El barrio entero andaba alborotado.
Tembló el suelo
delante de la casa, al tiempo que el sonido desaparecía y la multitud
enmudecía. Volvió el gorgoteo, suave e interrumpido cada cierto tiempo por
nuevos temblores. Le siguieron fuertes sacudidas y el gorgoteo acabó cesando.
El temblor se hizo continuo y empezaron unos crujidos espantosos. La gente
empezó a arrimarse a las fachadas, llorando y gritando, pero sus voces resultaban
inaudibles.
Un gran estallido,
mil veces más potente que un cañonazo y fue proyectado hasta el otro extremo de
la habitación. Se levantó con todo el cuerpo dolorido y fue hacia la ventana;
ahora se oía un fuerte silbido. Un gran chorro de agua se elevaba hacia las
alturas, surgiendo a borbotones de la grieta aparecida en el medio de la calle.

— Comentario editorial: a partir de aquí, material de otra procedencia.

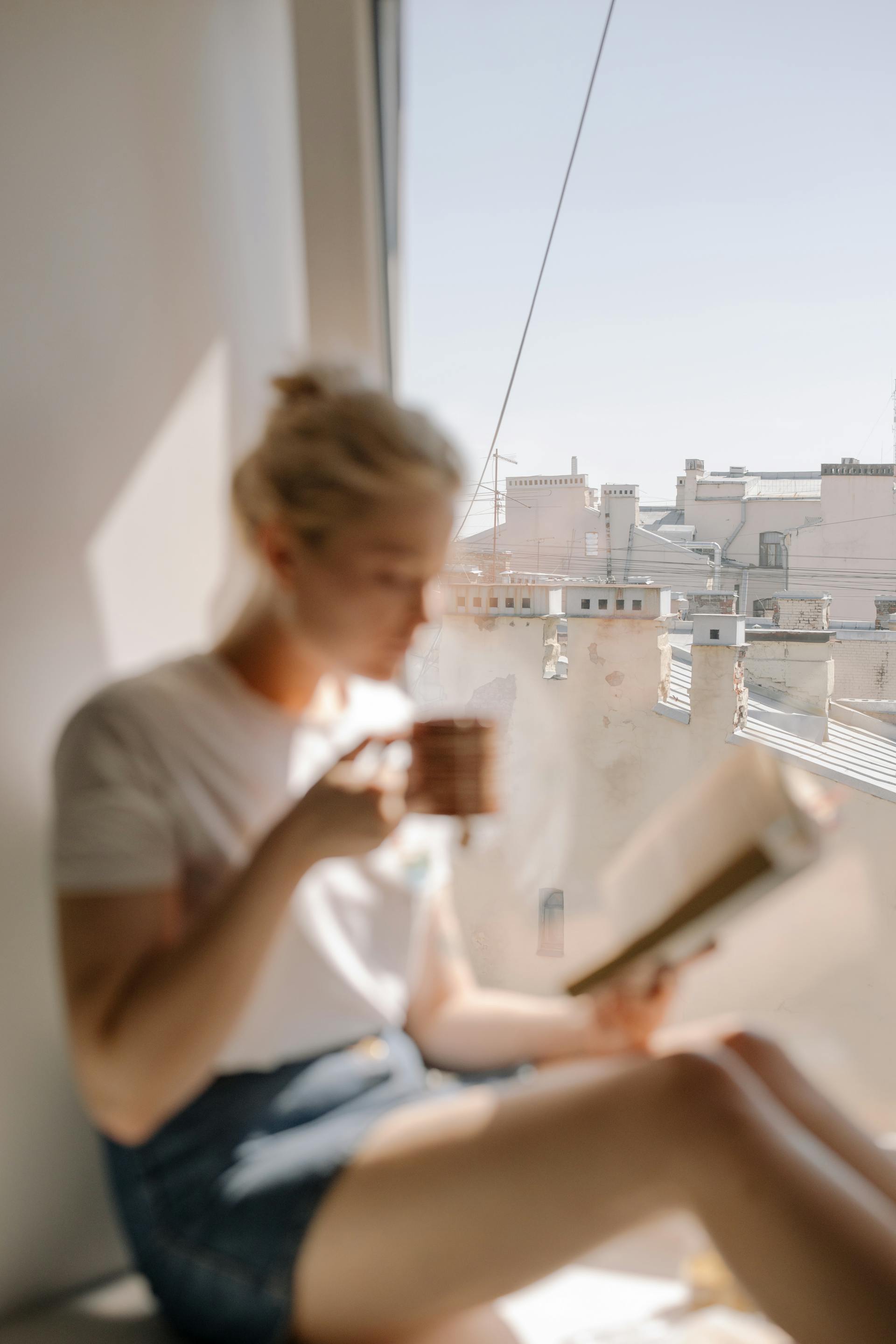 A woman drinking coffee near and apartment window | Source: Pexels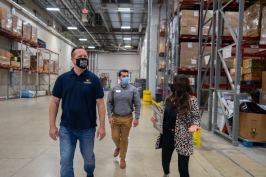 Parker Shoaf and Phabian Mascorro, Hakes Brothers' San Antonio sales agents, tour the San Antonio Food Bank with Philanthropy Manager Aniza Lopez.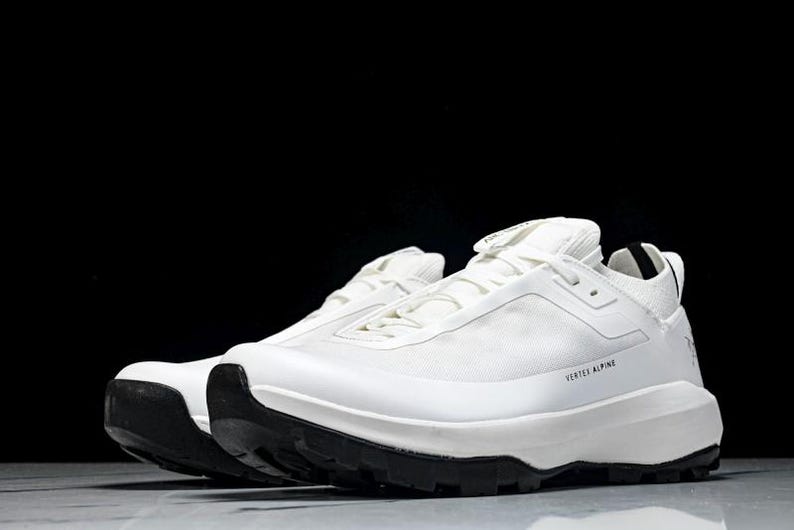 Puede incluir: Par de zapatillas deportivas blancas con suelas negras. Las zapatillas tienen un dise&ntilde;o aerodin&aacute;mico con el texto "VERTEX ALPINE" impreso en el lateral. Las zapatillas est&aacute;n sobre un fondo oscuro.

Se formó un arroyo que corrió calle abajo hasta remansarse en la plaza,
formando una laguna. Una muchedumbre sorda, histérica y confusa se fue
levantando y empezó a correr hacia sus casas. Pero nadie fue capaz de
encerrarse, asomados a puertas y ventanas se quedaron a contemplar el dantesco
espectáculo.
Volvió el gorgoteo,
y entre el chorro del agua comenzaron a surgir enormes burbujas que se elevaban
al cielo y descendían lentamente. Cayó la primera al suelo y al estallar, se
incendió. El pequeño fuego no duró mucho tiempo, pero olía mal, como a huevos
podridos. Surgieron más burbujas, que provocaban nuevos fuegos. Se fue apagando
el silbido y dejó de manar el agua. Las llamas no se apagaban y empezaron a
crecer: danzaron hacia el cielo, ondulándose, retorciéndose y estirándose,
dividiéndose y volviéndose a unir. El calor empezaba a ser sofocante y aquello
se convirtió en un auténtico incendio que descendía calle abajo, por donde
antes corriera el agua, hasta el mismo borde de la laguna en la plaza. Cada vez
más altas, las llamas se asemejaban a un cuadrúpedo que corría sin lograr
avanzar, oscilando, subiendo y bajando. Le creció la cola, se le estiraron las
orejas y se le afiló el hocico. A estas alturas, la mayoría de la gente olvidó
su curiosidad y se encerró en casa, presa del pánico, atrancando puertas y
ventanas. Mientras, el animal seguía moviéndose sin parar; parecía un inmenso
dragón, con la cabeza apuntando hacia la ciudad vieja. De su boca surgió una
llamarada que traspasó la muralla, la quemaría.
Otro gorgoteo más
profundo se impuso sobre los demás sonidos, y de la grieta surgió una figura
que parecía humana y se puso en pie. Estaba desnudo, y su piel era de un rojo
intenso y brillante, pero tenía una enorme cornamenta enroscada, como la de los
carneros, y también una larga cola. Encogió los brazos cerrando los puños y los
extendió con parsimonia, abriendo las manos con las palmas dirigidas hacia el
dragón. Un chorro de luz de un color amarillo muy desagradable surgió de ellas,
transformándose en charcos líquidos que flotaban en el aire. Crecían y se
dividían, cubriendo el cielo, subiendo y subiendo. Bajó los brazos de golpe,
con las palmas hacia delante. Las acuosidades amarillas descendieron igual de
rápidas, cayendo sobre el dragón, cubriéndolo totalmente. Soltó éste un
desgarrador graznido dirigido a la luna y quedó inmóvil, resoplando. Poco a
poco, el vivo rojo de su cuerpo ardiente fue apagándose, como las ascuas, hasta
quedar calcinado. Sus ojos soltaron un último destello. Un enorme esqueleto
gris, fue todo lo que quedó de la fabulosa bestia que allí naciera y muriera en
aquella funesta noche.
Saltó de la cama y atravesó rápidamente la habitación hasta
la ventana. La abrió y se asomó. La fría brisa nocturna le hizo temblar, lo que
no le impidió seguir asomado, buscando en la oscuridad. Se rascó la cabeza
antes de retirarse. Iba a cerrar, pero se arrepintió y volvió a asomarse,
mirando a derecha e izquierda. Meneó la cabeza y cerró. Volvió a la cama y se
sentó. Tenía la respiración acelerada y la garganta seca. Buscó a tientas la
jarra de agua que había sobre la silla y bebió hasta dejarla casi vacía. Se
tumbó. Parecía tan real, pensó que todavía podría verlo. No podía quitárselo de
la cabeza y eso le impidió volver a conciliar el sueño. Al rato, volvió a
levantarse y encendió una vela. La puso en la esquina de la mesa y fue a por un
papel. Cogió el lápiz y se puso a dibujar. Con trazos rápidos y nerviosos
comenzó a llenar el papel, hasta convertirlo en un absoluto caos de líneas.
Cuando no pudo seguir, buscó otra hoja y comenzó de nuevo.